Food companies – including Kellogg’s, Rowntree and Cadbury – have been at the forefront of setting up websites with games, cartoon characters and videos aimed at children as they can no longer advertise on TV. They have also been heavy adopters of social networking sites, such as Facebook and Twitter, and even email children directly.
BHF policy manager Mubeen Bhutta said: “Like wolves in sheep’s clothing, junk food manufacturers are preying on children and targeting them with fun and games they know will hold their attention.
“Regulation protects our children from these cynical marketing tactics while they’re watching their favourite children’s TV programmes but there is no protection when they’re online.
“The marketeers must be rubbing their hands with glee because this loophole gives them carte blanche to reach eight in 10 children behind their parents’ backs.”
The report, from the British Heart Foundation (BHF) and the Children’s Food Campaign (CFC), calls for tighter regulation. It said: “Companies are exploiting gaps in the regulations to target children online with promotions for products that cannot be advertised on children’s television.”
Online codes of conduct are more ‘vague’, and, “as a result, children continue to be swamped with commercial messages with one purpose: to persuade them to consume unhealthy products,” the report said.
Websites criticised in the report include those from Kellogg’s for its Krave cereal, Cheestrings, Nesquik, Sugar Puffs, Capri-Sun, Rowntree, Chupa Chups and Cadbury Buttons.
More than three quarters of the websites studied had high fat, sugar or salt products that were linked to similar pages on social networking sites such as Facebook and Twitter.

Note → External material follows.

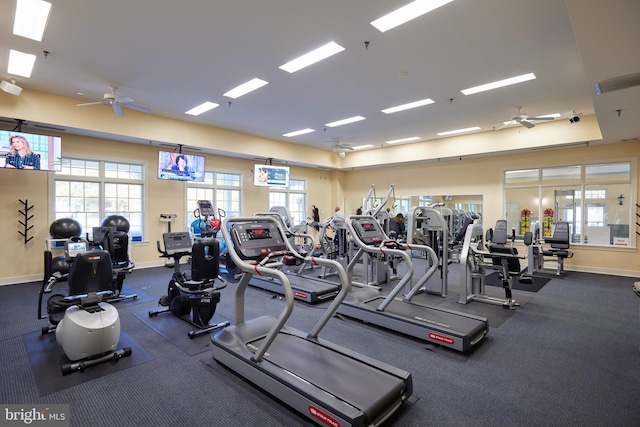 workout area featuring ceiling fan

Facebook allows children to influence each other because they can ‘like’ a product leading to peer pressure and subtle messages that such products are fashionable. Researchers behind the report signed up to the Sugar Puffs website and received emails every week over a three-month period as well as the potential to send branded e-cards to friends.

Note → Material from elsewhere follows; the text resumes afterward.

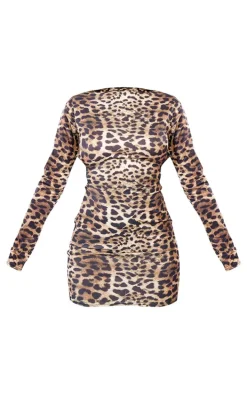 Leopard Print Long Sleeve Open Tie Back Mini Dress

Users were asked to seek parental permission if they were under 16, but children can simply tick the parental consent “verify” box.
Charlie Powell, campaigns director for the CFC, said: “By its failure to protect children from online junk food marketing, the Government is demonstrating complacency at a time when it should provide robust regulation to help reverse unacceptable levels of obesity in the UK.”
But the Food & Drink Federation has hit back, claiming the report was “highly selective”. Terry Jones, director of communications, added: “They have highlighted aspects of our members’ online marketing that support their agenda but consciously ignored the many other positive aspects that demonstrate the industry’s responsible approach.
“For example, the sites are clearly branded, there is no attempt to mislead consumers and parental interaction is encouraged. Advertising in the UK is well governed and rules have recently been revised to include online material.”